Would you give the listing back word for word once its pictures are removed?

Dataset excerpt Start Marker

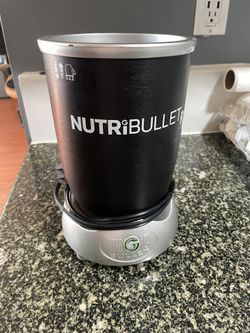 Nutribullet Rx Motor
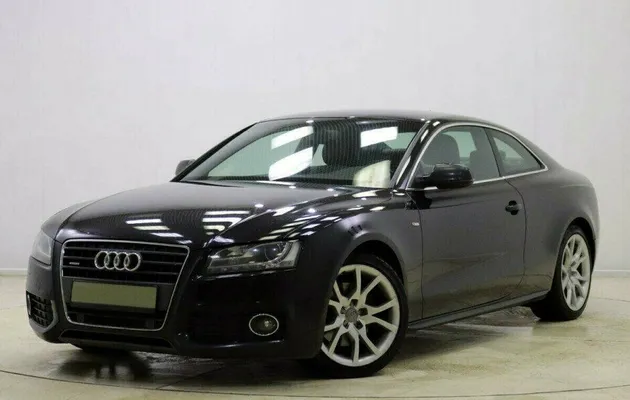 Audi A5 2.0 Робот, фото №1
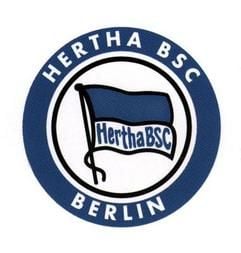 Das Logo des Fußball-Bundesligisten Hertha BSC Berlin. (Logo: dpa)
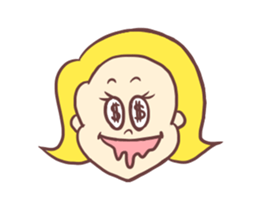 Y-Girl sticker #1652248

Dataset excerpt End Marker

**Your solution**:
 Nutribullet Rx Motor
 Audi A5 2.0 Робот, фото №1
 Das Logo des Fußball-Bundesligisten Hertha BSC Berlin. (Logo: dpa)
 Y-Girl sticker #1652248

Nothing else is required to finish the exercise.